What is required:
The lines to retype run from the one containing "product/k/a/kappa_311j6cw-a07_3-nw010624.jpg" through the end of the listing below. Reproduce them exactly, leaving out pictures.

Supplied records:
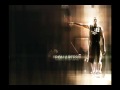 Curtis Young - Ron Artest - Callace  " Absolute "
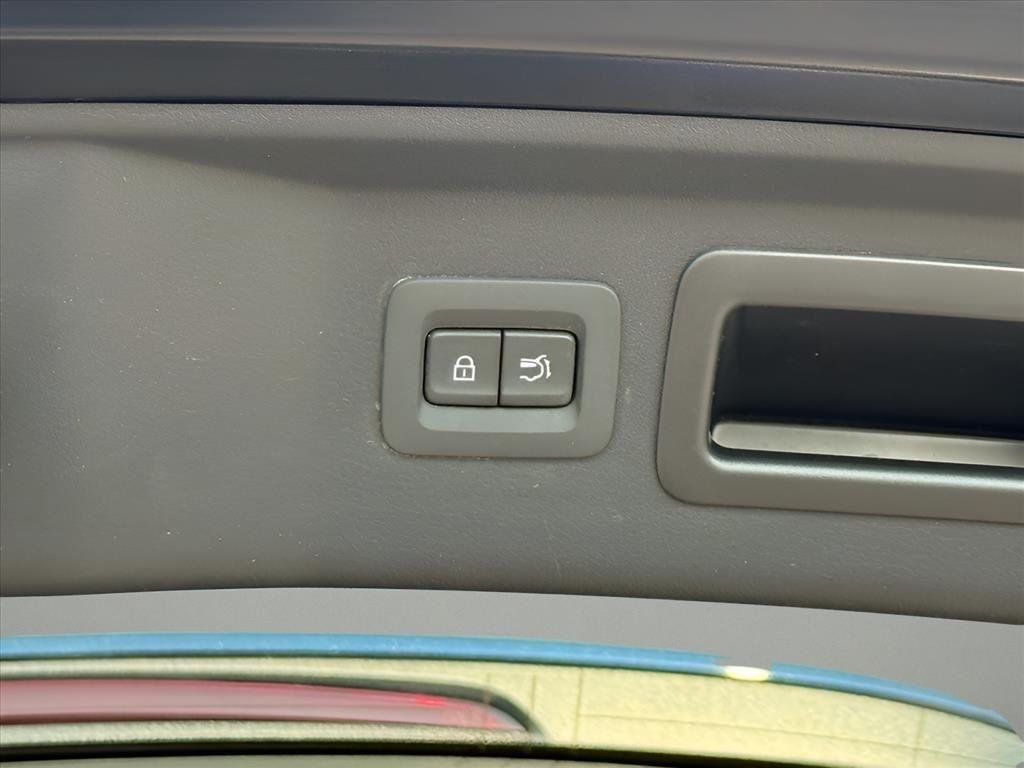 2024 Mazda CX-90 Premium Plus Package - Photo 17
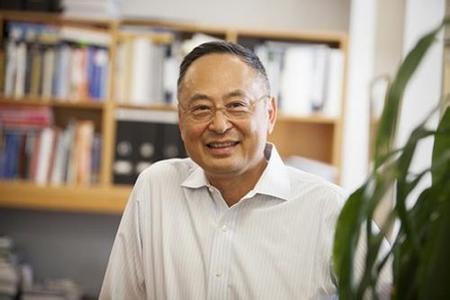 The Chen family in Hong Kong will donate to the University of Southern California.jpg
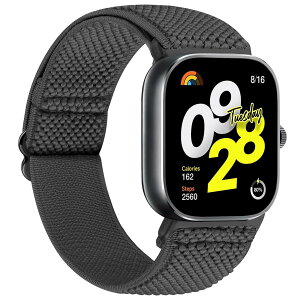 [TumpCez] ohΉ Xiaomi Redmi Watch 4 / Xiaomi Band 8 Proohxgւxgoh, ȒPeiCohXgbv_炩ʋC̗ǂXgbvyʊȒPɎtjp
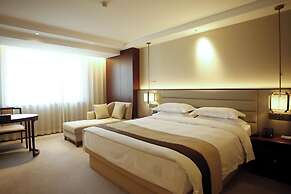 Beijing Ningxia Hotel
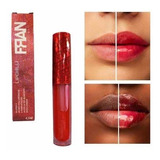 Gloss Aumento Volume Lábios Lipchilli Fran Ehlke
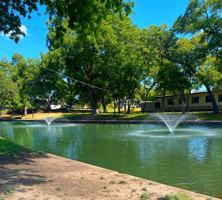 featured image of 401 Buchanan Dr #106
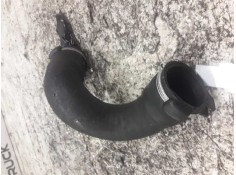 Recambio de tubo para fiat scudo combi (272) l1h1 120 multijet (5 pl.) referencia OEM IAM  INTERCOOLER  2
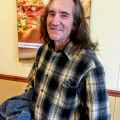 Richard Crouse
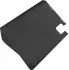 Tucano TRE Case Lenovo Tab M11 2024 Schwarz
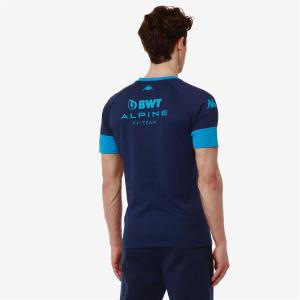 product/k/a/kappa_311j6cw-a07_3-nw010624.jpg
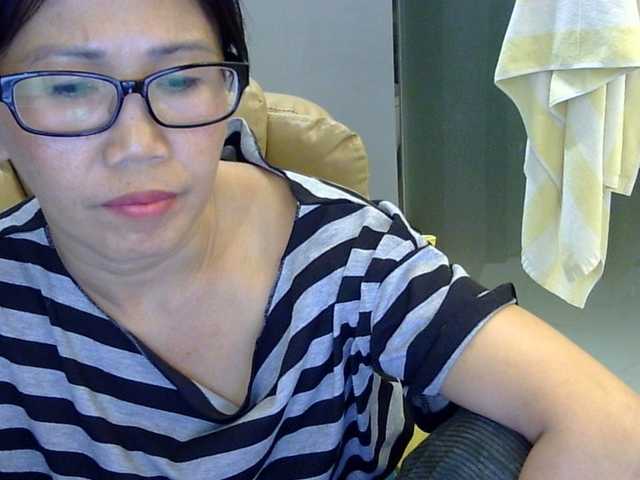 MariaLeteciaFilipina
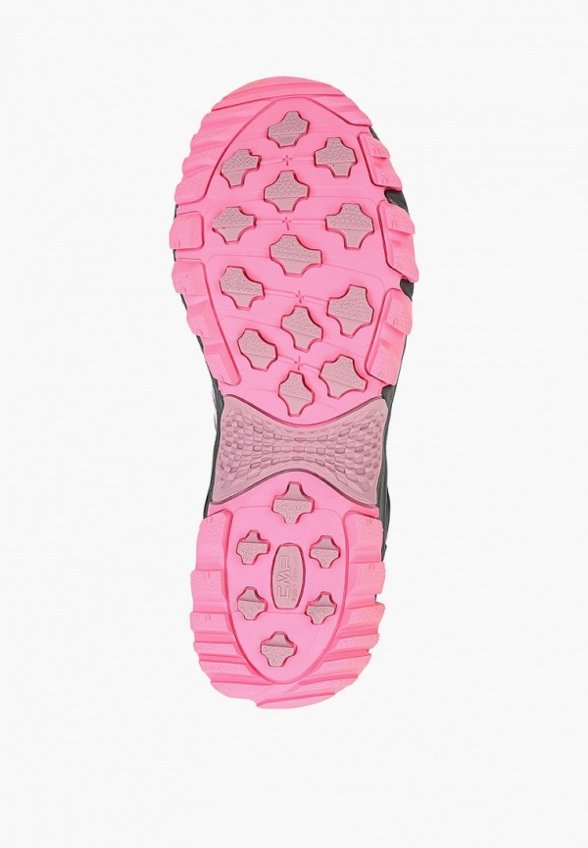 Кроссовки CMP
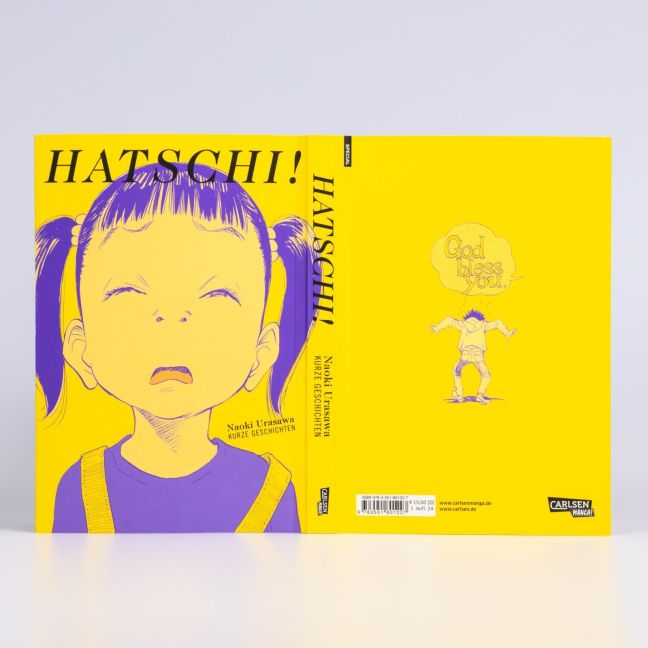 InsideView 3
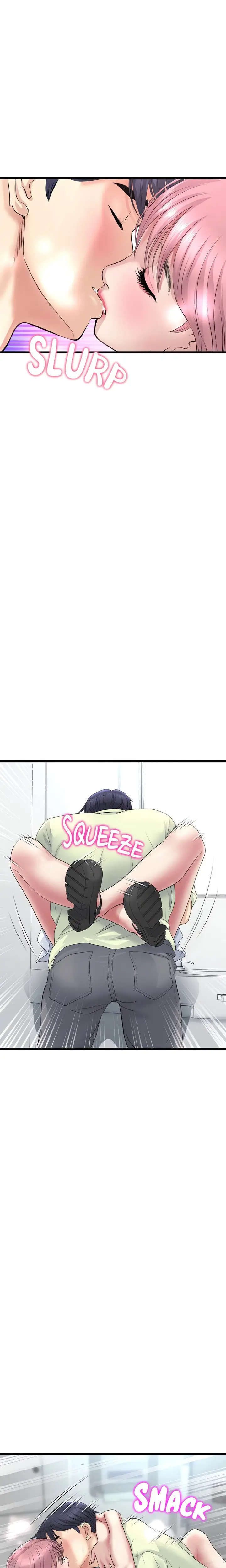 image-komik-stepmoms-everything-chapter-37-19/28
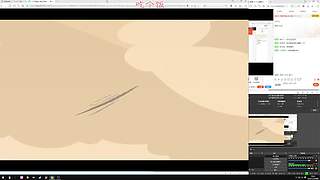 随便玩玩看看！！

Answer space:
 product/k/a/kappa_311j6cw-a07_3-nw010624.jpg
 MariaLeteciaFilipina
 Кроссовки CMP
 InsideView 3
 image-komik-stepmoms-everything-chapter-37-19/28
 随便玩玩看看！！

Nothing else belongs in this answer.